A new partnership between Microsoft and VIEVU, a body-wearable camera maker, aims to solve that problem. Now, at the end of their shifts, officers remove their cameras and transfer the video they took wirelessly or via a direct connection to VIEVU’s Veripatrol software. Veripatrol sends the information to Microsoft’s soon-to-be-released Azure Government Cloud, where it is stored in compliance with policy approved by the FBI’s Criminal Justice Information Services (CJIS) Division.

“It’s not enough to tell a police department that you reserved a corner of your consumer cloud just for them,” said Richard Zak, Microsoft’s director of justice and public safety solutions. “Their regulatory environment is completely different. To support law enforcement, we have to deliver a completely separate cloud platform, separated in every way: different data centers, different network infrastructures, different everything.”
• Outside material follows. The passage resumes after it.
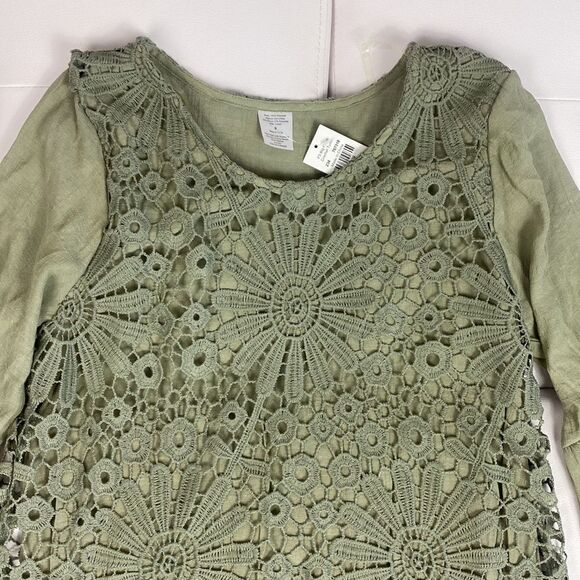 Boutique Lace Floral Overlay 3/4 Sleeve Tunic Top Size S NWT - Picture 2 of 8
And that’s been the missing link for VIEVU, said Steve Lovell, the company’s president. It had been using Amazon Web Services to store raw video, while programming Veripatrol to send sensitive metadata to departments’ local storage devices. But departments still couldn’t be sure who was accessing the files, he said. And even with sensitive data removed, the videos need protection.

“All too often, police officers see people at their worst time, or maybe you have the camera on but you’re moving into a trauma center or emergency, so now we have HIPAA laws that apply to the video that’s now being recorded,” Lovell said.

One officer can generate a terabyte of files in a year, according to Lovell. In 2013, the 4,000 law enforcement customers using VIEVU’s cameras generated about 7 million hours of police video – a number he expects will grow this year.

“People are deploying many more cameras than they ever have before,” Zak said, adding that they’re also recording more frequently in high-definition formats, which create larger files. But police departments don’t always have the information technology infrastructure or staff to handle so much data.

The cloud is “particularly useful and provides very powerful capabilities for midsize and small agencies,” he said. “The power of the cloud is to take a lot of the administration and management of infrastructure that normally would be done by a technology team on-site…all of that gets delivered by Microsoft.”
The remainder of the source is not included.